• _WHAT THE TASK ASKS_
Reproduce exactly the lines from the one containing "Wraps met avocadohummus" through the last line of the records below, both included. Leave out any pictures.
DATA FOR THIS TASK below:
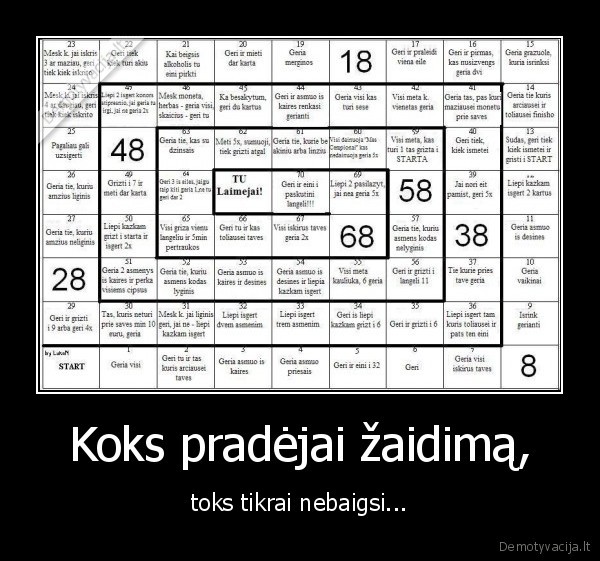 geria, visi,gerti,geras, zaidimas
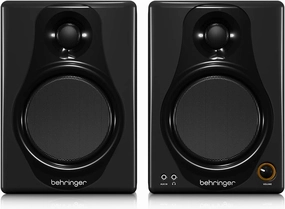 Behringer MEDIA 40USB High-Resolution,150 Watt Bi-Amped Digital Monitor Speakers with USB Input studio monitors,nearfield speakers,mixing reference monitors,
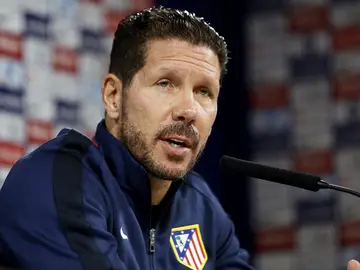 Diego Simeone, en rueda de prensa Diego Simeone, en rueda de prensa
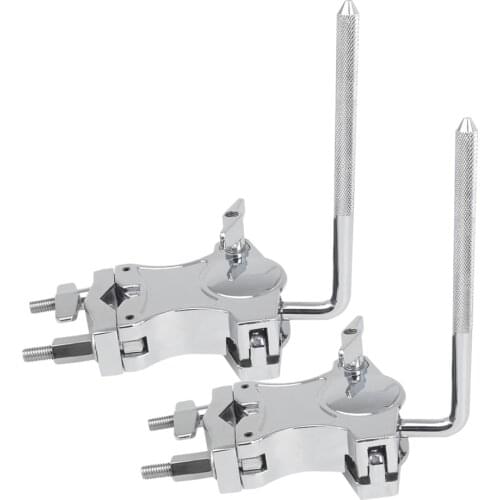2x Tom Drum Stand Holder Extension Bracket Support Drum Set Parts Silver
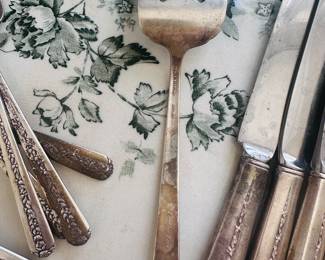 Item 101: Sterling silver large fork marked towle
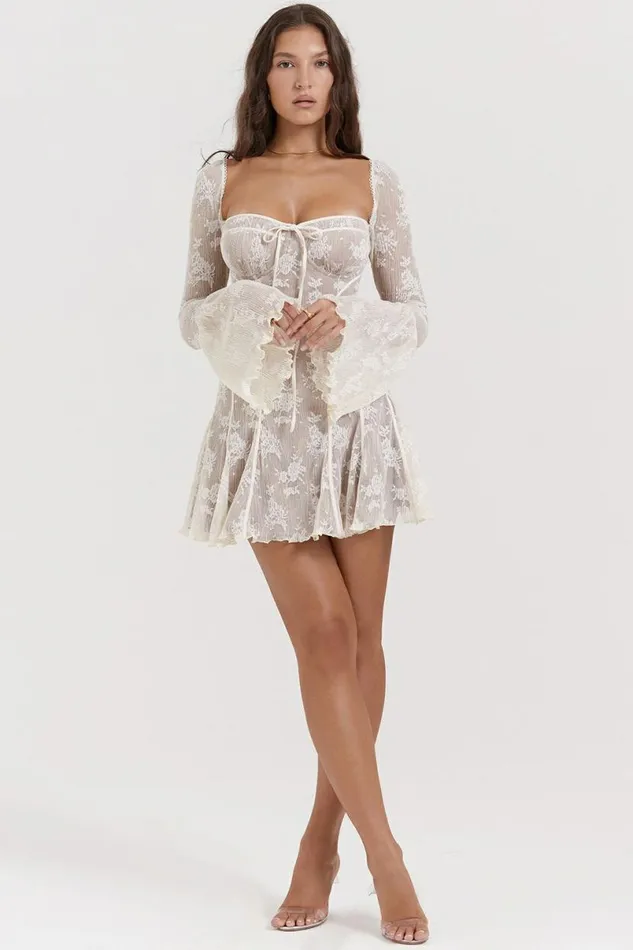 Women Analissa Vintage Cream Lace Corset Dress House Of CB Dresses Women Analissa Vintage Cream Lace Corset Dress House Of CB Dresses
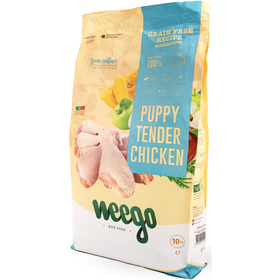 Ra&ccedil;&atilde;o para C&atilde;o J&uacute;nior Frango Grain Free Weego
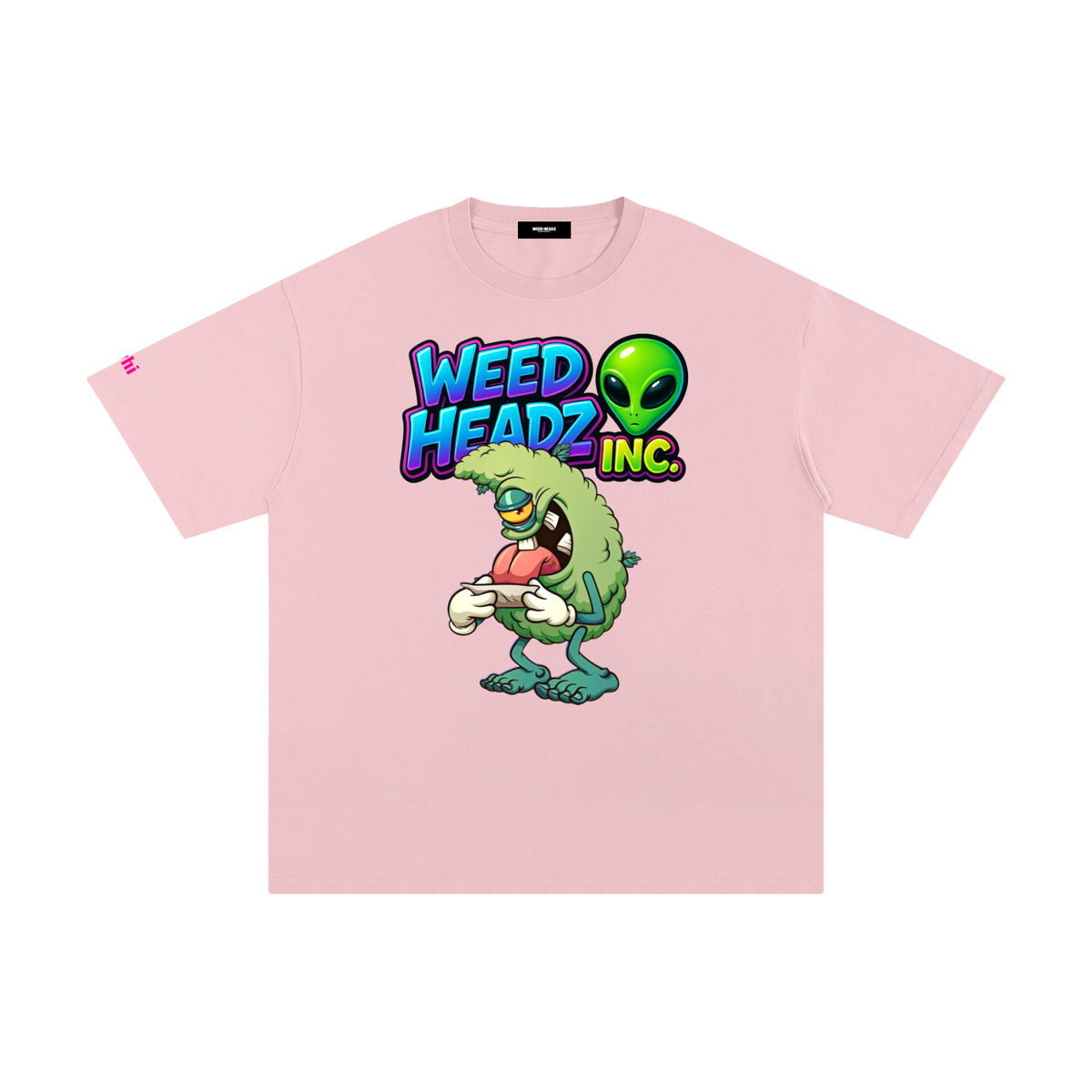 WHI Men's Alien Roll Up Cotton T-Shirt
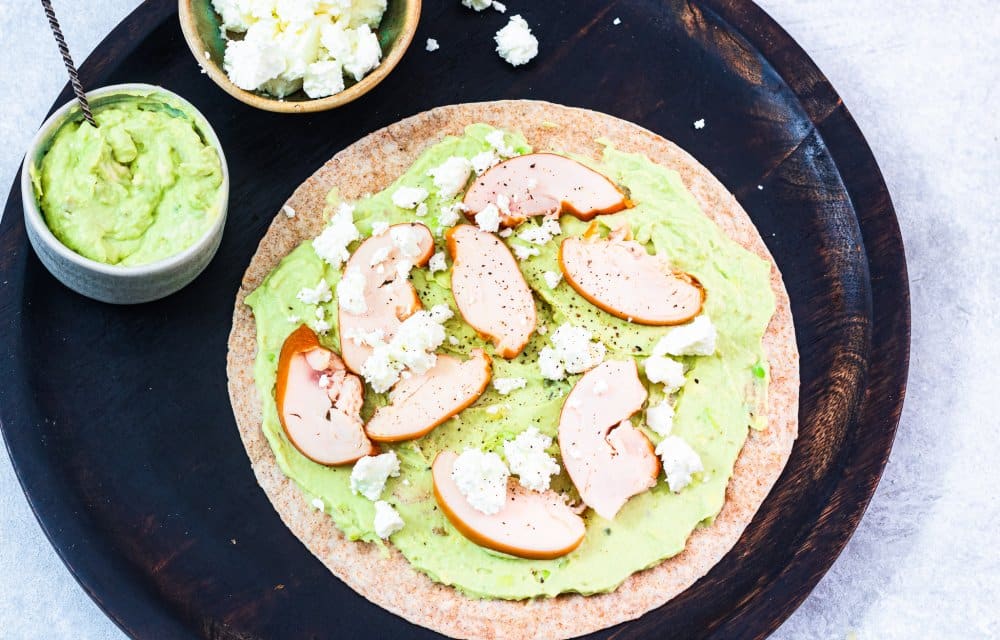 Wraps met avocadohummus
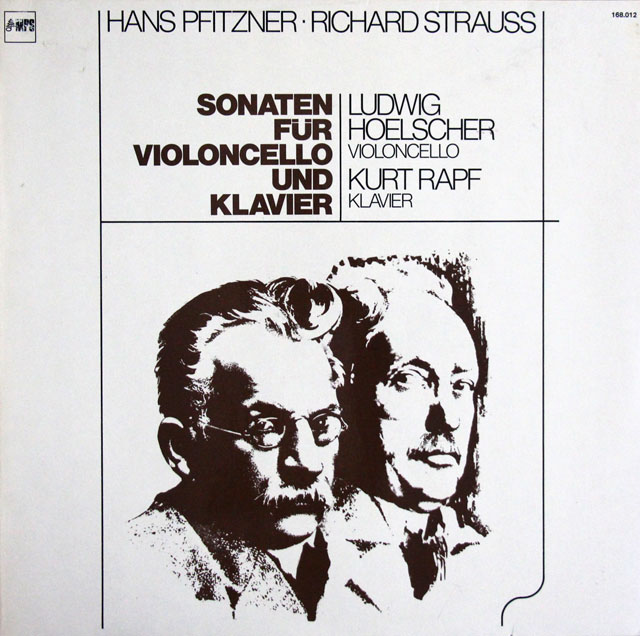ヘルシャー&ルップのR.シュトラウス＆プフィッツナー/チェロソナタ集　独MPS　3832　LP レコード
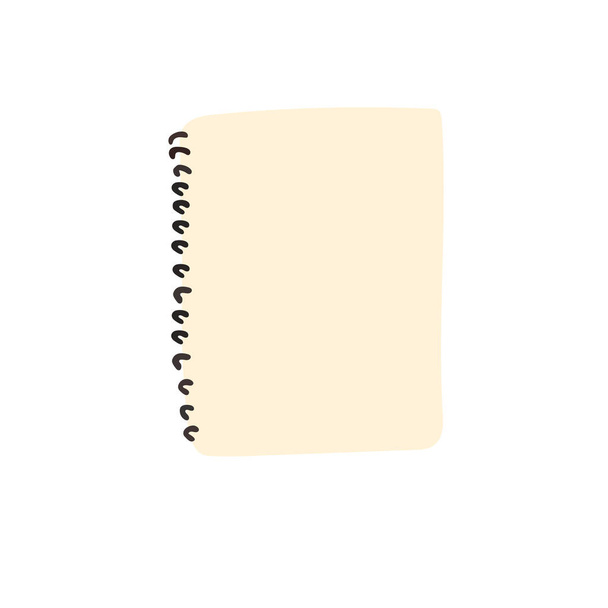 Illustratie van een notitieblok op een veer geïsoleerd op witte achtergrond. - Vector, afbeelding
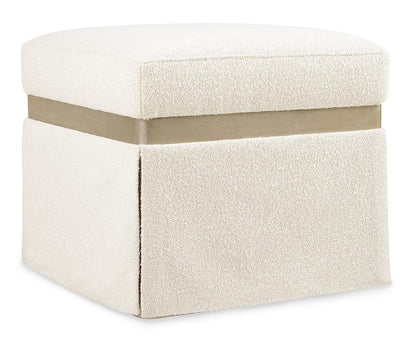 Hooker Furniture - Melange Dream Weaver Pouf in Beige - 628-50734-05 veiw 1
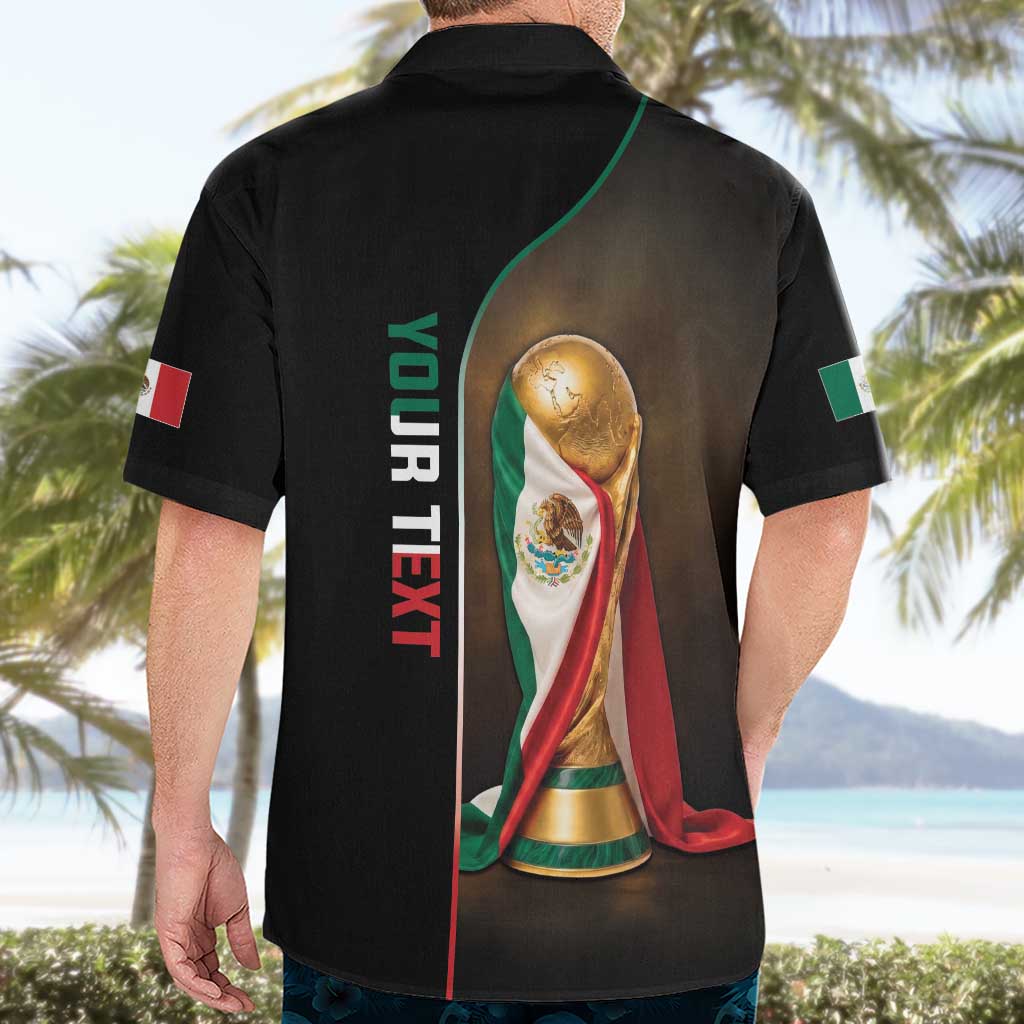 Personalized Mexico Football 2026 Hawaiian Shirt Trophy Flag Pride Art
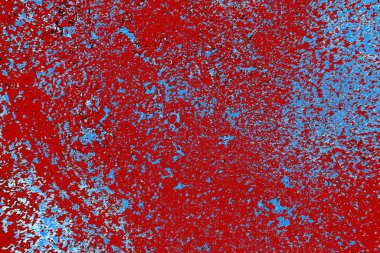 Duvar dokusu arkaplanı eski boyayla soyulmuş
End of DATA FOR THIS TASK.
• _REPLY TO THE EXERCISE_
 Wraps met avocadohummus
ヘルシャー&ルップのR.シュトラウス＆プフィッツナー/チェロソナタ集　独MPS　3832　LP レコード
 Illustratie van een notitieblok op een veer geïsoleerd op witte achtergrond. - Vector, afbeelding
 Hooker Furniture - Melange Dream Weaver Pouf in Beige - 628-50734-05 veiw 1
 Personalized Mexico Football 2026 Hawaiian Shirt Trophy Flag Pride Art
 Duvar dokusu arkaplanı eski boyayla soyulmuş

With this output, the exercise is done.